Short text fragments from websites
════

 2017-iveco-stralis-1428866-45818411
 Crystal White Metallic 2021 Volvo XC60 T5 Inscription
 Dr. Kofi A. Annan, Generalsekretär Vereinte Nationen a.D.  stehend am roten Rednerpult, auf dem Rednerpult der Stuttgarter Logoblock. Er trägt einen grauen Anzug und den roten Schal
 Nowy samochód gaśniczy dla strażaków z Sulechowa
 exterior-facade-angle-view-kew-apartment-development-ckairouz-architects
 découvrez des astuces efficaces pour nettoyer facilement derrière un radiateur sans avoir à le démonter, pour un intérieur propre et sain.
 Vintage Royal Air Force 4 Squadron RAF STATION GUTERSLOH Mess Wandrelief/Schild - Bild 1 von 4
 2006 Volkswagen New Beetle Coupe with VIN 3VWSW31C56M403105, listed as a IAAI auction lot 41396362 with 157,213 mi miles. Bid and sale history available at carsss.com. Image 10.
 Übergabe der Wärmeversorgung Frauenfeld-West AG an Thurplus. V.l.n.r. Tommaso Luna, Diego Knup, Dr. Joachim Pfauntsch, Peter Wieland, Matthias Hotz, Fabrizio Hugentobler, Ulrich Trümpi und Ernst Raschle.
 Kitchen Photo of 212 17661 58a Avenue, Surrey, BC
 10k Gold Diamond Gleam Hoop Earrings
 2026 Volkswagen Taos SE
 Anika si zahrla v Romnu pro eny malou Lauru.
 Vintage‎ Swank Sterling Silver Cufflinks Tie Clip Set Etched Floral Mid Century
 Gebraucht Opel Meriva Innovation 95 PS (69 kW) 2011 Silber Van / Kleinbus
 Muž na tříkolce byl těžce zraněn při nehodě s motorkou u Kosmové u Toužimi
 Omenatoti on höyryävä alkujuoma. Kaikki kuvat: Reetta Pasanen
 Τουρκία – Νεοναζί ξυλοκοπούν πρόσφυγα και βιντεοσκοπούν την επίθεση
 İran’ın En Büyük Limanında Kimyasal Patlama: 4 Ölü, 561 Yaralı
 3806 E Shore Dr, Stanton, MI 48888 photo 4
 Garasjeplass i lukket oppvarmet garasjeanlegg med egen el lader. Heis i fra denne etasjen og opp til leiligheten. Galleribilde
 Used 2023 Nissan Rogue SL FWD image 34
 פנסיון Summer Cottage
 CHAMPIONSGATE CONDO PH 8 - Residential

════

What you will do
Looking through the data above, copy out each line in which the string "Vintage" occurs.

Response
 Vintage Royal Air Force 4 Squadron RAF STATION GUTERSLOH Mess Wandrelief/Schild - Bild 1 von 4
 Vintage‎ Swank Sterling Silver Cufflinks Tie Clip Set Etched Floral Mid Century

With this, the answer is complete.